→ **DIRECTIONS**
Go through the data line by line. Copy each one holding the string "Chapter".

"""

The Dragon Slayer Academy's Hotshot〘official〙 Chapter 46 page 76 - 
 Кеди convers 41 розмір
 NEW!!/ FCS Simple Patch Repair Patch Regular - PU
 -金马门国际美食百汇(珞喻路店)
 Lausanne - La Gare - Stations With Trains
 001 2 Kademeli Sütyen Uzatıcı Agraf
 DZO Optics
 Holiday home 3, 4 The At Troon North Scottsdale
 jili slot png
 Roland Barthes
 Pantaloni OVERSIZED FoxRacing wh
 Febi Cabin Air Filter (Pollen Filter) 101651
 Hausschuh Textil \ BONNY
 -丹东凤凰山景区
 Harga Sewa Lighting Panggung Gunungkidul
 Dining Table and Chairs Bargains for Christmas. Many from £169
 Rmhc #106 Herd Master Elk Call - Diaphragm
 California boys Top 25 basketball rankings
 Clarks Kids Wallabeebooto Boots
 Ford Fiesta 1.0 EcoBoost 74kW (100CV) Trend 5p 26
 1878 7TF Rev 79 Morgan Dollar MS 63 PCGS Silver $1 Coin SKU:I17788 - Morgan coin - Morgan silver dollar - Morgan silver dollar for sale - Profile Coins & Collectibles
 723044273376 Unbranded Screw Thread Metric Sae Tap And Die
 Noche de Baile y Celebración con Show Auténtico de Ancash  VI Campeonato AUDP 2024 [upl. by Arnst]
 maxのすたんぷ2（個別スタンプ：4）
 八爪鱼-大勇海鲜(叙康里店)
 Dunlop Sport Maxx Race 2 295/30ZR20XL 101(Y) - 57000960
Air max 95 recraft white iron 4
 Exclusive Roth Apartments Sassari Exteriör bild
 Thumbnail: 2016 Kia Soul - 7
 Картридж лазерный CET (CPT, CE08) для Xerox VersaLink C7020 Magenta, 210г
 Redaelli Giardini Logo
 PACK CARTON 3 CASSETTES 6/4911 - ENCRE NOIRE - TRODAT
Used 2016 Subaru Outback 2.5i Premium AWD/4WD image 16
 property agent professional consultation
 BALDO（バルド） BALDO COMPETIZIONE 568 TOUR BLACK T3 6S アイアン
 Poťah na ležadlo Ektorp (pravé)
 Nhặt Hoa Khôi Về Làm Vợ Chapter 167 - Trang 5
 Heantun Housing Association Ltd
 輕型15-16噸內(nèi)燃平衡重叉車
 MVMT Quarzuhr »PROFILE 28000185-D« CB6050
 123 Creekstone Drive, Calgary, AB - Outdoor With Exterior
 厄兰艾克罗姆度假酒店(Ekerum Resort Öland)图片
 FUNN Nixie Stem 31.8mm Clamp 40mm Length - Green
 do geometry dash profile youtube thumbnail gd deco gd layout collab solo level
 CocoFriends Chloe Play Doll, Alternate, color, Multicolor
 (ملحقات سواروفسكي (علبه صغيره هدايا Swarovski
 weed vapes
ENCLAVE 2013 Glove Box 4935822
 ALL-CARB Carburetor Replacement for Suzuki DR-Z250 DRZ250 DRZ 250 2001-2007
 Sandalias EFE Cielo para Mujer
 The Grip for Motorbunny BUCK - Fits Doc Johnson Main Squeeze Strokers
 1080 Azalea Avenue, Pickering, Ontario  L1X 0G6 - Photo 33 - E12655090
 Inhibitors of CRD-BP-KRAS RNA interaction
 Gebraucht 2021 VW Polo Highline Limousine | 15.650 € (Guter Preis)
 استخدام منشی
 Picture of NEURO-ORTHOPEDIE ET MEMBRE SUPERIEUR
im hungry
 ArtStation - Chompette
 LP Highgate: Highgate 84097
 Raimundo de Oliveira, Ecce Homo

"""

→ **SOLUTION FOR THIS PROBLEM**
The Dragon Slayer Academy's Hotshot〘official〙 Chapter 46 page 76 - 
 Nhặt Hoa Khôi Về Làm Vợ Chapter 167 - Trang 5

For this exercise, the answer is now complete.